[SOURCE MATERIAL — start]
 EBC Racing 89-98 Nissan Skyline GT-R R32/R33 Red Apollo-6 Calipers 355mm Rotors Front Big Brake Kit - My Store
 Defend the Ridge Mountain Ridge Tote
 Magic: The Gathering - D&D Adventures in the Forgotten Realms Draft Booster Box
[SOURCE MATERIAL — finish]
[SOURCE MATERIAL — start]
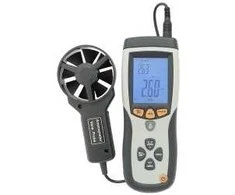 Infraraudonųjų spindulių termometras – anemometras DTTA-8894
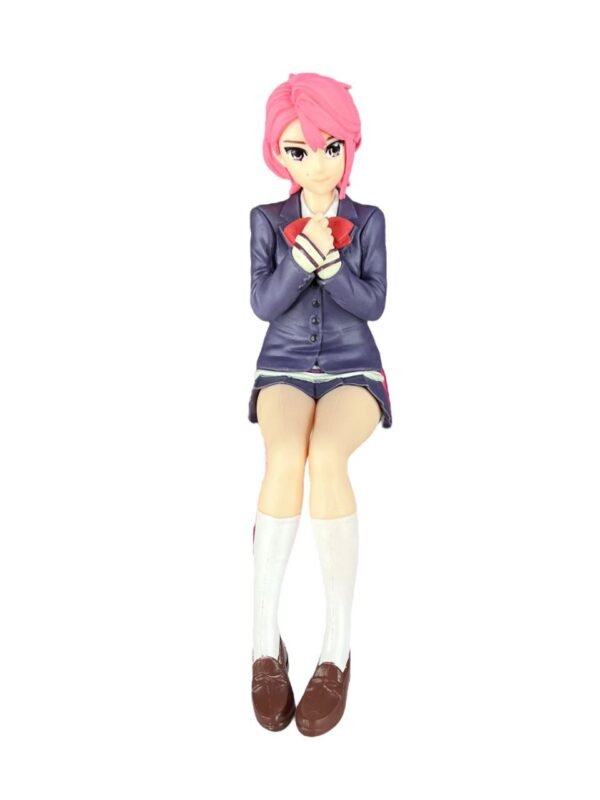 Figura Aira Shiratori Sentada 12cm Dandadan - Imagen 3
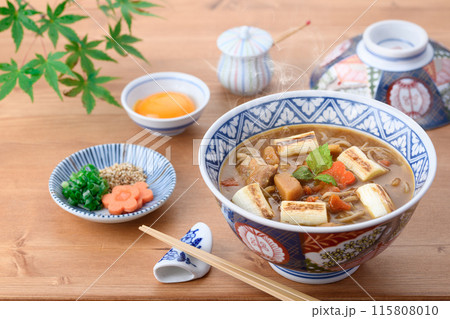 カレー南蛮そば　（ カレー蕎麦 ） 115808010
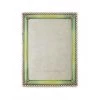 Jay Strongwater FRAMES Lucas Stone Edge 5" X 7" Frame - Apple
[SOURCE MATERIAL — finish]
### WORK ITEM:
Look through the entries above and quote exactly the lines from the line with "EBC Racing 89-98" to the line with "Magic: The Gathering", counting both of those lines.

### EXPECTED ANSWER:
 EBC Racing 89-98 Nissan Skyline GT-R R32/R33 Red Apollo-6 Calipers 355mm Rotors Front Big Brake Kit - My Store
 Defend the Ridge Mountain Ridge Tote
 Magic: The Gathering - D&D Adventures in the Forgotten Realms Draft Booster Box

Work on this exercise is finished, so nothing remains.